Life in a newsroom has changed in so many ways, and I'm not just talking about news content. In those days, people smoked pot out in the open, even in front of “adults”. Those that didn’t partake, usually looked the other way. Such was the way it was in the late 70s and early 80s.
I was ushered into the WCIX world of weed on my very first day at the station. Before I’d even known my way around that crazy round building, I was shown the ledge on the fourth floor, behind some of the big equipment in the engineering department. People visited that ledge at all hours of the day and night. I tended to wait until after the newscast to partake, but many people did it from the moment they arrived for their shifts.
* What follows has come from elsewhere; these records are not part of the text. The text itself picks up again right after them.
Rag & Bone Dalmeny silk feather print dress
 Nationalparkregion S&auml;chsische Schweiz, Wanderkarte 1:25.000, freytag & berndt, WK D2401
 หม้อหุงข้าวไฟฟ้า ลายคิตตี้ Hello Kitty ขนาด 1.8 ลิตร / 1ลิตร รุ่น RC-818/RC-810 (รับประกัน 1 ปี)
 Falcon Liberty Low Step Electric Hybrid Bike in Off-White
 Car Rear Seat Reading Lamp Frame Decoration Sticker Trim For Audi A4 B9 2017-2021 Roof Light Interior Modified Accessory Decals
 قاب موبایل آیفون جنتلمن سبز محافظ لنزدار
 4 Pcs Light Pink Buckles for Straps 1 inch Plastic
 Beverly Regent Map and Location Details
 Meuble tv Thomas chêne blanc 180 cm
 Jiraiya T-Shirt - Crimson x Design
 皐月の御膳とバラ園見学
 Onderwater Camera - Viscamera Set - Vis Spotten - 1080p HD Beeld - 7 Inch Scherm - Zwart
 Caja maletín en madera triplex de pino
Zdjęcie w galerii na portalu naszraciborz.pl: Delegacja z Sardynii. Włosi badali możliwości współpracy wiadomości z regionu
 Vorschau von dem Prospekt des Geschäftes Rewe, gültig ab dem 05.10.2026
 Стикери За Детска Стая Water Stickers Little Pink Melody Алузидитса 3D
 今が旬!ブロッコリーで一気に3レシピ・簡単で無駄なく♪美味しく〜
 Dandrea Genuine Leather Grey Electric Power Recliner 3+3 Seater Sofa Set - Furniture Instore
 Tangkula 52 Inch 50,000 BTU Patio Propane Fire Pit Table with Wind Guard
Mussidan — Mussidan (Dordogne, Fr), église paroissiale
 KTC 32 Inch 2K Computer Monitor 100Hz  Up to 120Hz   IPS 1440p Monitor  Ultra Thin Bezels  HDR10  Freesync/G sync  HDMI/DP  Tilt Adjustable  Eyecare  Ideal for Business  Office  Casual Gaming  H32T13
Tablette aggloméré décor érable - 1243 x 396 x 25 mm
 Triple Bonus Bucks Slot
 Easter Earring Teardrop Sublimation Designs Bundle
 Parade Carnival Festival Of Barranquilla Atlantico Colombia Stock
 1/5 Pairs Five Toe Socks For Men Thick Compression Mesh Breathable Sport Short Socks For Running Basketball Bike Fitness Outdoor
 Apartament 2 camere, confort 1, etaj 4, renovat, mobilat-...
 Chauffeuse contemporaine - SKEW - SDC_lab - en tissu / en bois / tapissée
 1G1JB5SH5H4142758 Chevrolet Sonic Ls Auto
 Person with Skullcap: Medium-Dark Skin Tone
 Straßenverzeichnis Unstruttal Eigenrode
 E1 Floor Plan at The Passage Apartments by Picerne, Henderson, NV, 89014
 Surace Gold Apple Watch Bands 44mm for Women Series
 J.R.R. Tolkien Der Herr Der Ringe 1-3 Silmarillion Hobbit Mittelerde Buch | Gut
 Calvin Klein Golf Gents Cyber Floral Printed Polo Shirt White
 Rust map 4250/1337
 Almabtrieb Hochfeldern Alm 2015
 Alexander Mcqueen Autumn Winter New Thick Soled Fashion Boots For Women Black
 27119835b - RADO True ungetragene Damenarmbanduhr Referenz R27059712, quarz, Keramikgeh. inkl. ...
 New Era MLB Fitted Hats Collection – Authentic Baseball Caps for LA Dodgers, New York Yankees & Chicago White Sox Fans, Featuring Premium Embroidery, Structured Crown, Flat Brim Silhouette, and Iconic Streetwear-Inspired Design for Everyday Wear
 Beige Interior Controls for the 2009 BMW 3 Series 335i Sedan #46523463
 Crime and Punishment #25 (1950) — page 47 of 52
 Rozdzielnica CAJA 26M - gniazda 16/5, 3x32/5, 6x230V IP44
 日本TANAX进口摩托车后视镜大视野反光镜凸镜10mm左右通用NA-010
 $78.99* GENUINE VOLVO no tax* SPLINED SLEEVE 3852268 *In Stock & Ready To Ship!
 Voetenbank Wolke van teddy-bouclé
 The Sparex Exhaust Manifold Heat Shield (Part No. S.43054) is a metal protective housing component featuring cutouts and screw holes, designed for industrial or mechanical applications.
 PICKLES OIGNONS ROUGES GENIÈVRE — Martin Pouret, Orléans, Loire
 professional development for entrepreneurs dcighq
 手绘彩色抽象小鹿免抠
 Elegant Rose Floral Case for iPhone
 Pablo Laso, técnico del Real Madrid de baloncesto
It truly was a different world then!
Another favorite spot was out on the dirt road along Biscayne Bay. Cars would park there every night after the newscast was through. It was a favorite way to unwind in those days, but there was always the fear of getting caught by the police. For a long time they turned a blind eye to our activities, but after the Luis Alvarez police shooting gave the department a black eye (and we reported it aggressively), they weren’t quite as accommodating, and we had to be a lot more careful.
Then there was the art room, on the second floor. One night in 1980, a bunch of us went there after the newscast, thinking our illustrious assistant news director had left for the night. You can imagine our trepidation when he walked into the art room, at the same time many of us were passing the pipe around. We thought we were all in big, big trouble! The boss man walked over to us, and without missing a beat, asked (to our surprise), “hey, would any of you like to buy some sinsimilla?” Whew! The “Newser” was a User! I guess that would describe so many people that I worked with. Not Bob Rossicone, though.
Rossicone, the tough associate director with a pronounced New York accent, walked in on security guard Lazaro C. and me one time after hours. Lazaro was paid to watch the building, but spent lots of his time socializing and getting high. With the smell of pot permeating the room, Lazaro was afraid Rossicone would blow the whistle and cost him his job. When asked if he was bothered by what we were doing, we were greeted by one of the funniest lines I’d ever heard. Rossicone just looked at us and said, quote…
“I don’t care if you burn the f*cking place down!”
And so it went in those days. Times changed, the station grew more competitive, and soon drug testing was the norm. Eventually I stopped smoking, and I’m sure so did most of the other Boys From Brickell. But for quite a number of years, lighting up was a big part of my Channel 6 experience. It helped me cope with the pressure and frustrations, and being a shy person by nature, helped greatly in social situations.
And no, we never burned the place down.